According to these people, and the Bonne Bell ads in Tiger Beat magazine, the answers to my problems were contained in fruit flavored lip gloss and the white ceramic bottles and jars my mom brought home every week. I watched her apply goos and whipped creams, dotting and rubbing, plucking and spraying. It seemed to take hours. My dad took a shower, got dressed, and walked out the door. It wasn’t the last time I wondered why I had to draw the girl straw.
My mom wore her vanity on her sleeve. She never walked into the grocery store without lipstick, regardless of what the rest of her looked like. As if that slash of red across her face were her armor, her shield. She worried so very much about what others thought. These same doubts are whipped stitched into my skin. I’ve spent a lifetime wondering why WASPs felt the need to procreate with each other, creating a suburban nightmare inhabited by flat-assed girls like me.

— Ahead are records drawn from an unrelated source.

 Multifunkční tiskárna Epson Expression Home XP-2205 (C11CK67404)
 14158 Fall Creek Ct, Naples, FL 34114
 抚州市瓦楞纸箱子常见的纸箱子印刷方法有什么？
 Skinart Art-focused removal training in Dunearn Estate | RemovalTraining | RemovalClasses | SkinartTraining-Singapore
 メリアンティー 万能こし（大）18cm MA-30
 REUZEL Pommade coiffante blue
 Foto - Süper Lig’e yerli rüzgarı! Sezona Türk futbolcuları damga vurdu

But I write, so I observe. I don my cynical cloak and stand back and weigh the validity of these feelings. Not only the validity, but also the infection rate. Because most of us are afflicted. Even the shiny special ones.

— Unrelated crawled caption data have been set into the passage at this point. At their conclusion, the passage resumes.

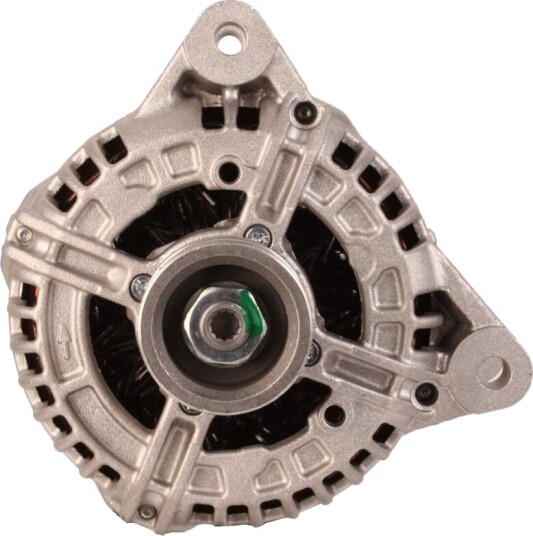 Dynamo WALKER WAL01143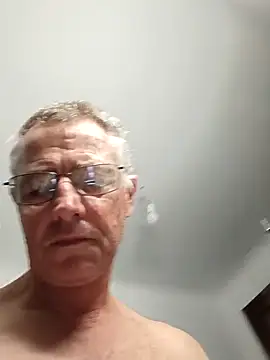 Snapshot of Sexyfab65 chatting on November 15, 2025, 5:53 pm Sexyfab65 online show from November 15, 2025, 5:53 pm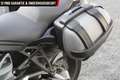 BMW K 1300 S Zwart - thumbnail 9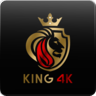 King4kPlayer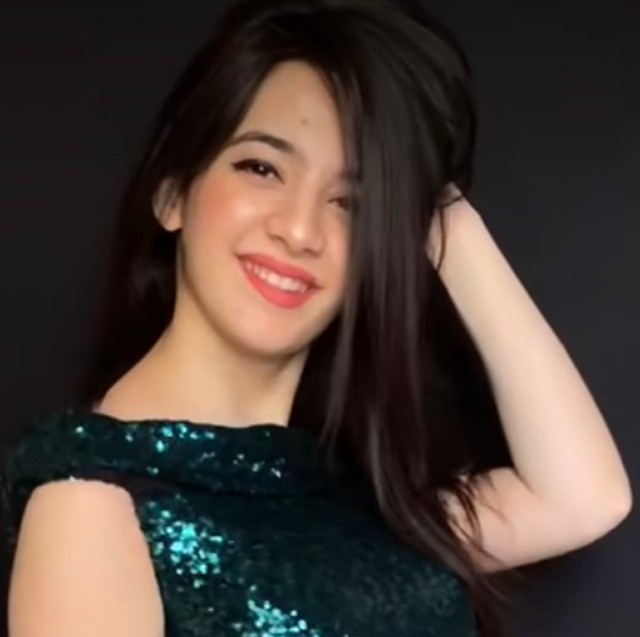 Szörnyű: öngyilkos lett a 16 éves TikTok-sztár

No one ever told me this, they never do. So I created a world where I was ostracized, and then turned around and created one where I could shine. One by one I found other cracked molds and it became us against them. Gang up with the other geeks and strap on your own armor of cynicism. That beats pretty any day, we thought. I can see our faces, we are so squeaky in our earnestness. We made own kind of shiny. My cynical used to be so much more sincere. I actually did take myself dead serious. I’m still striving to bridge that gap, though, between taking myself seriously and letting others do so as well.

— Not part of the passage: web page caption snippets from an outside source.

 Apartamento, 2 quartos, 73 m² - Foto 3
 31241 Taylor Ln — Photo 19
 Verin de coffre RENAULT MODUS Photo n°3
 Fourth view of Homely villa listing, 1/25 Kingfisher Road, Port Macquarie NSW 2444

Self-awareness is an ass-kicker. How many sweet moments are missed because of this vanity? I watched an icon of my youth crumble before my eyes the other night. After finishing a fine show he returned to the stage for an encore, having taken off the jacket he had been wearing earlier. When he went to raise his hand in the air along with his long-time bass player’s, his t-shirt rose up to reveal a pale spare tire around his waist. Very small really, more like a bicycle tube. Our eyes met for a literal split second and I saw a compendium of doubt and blame and fear run across his face. It was stunning and real, and so very touching. I realized then that the adoration never is enough. It will always fade into the background like a Death Cab For Cutie song, so brilliant in the beginning, but eventually meandering into a tune that sounds like everything else that sounds like it. Better make it real before it’s too late.
It’s better not to need that shot in the arm. And yet it’s hard not to. We often just replace one need with another. I left the desire for the specialness of pretty popularity a long time ago. Now I fling about metaphors and prepositional phrases strewn with excoriatingly hard-fought adjectives, striving to be the cleverest. But I can stop. And remove. If I want to.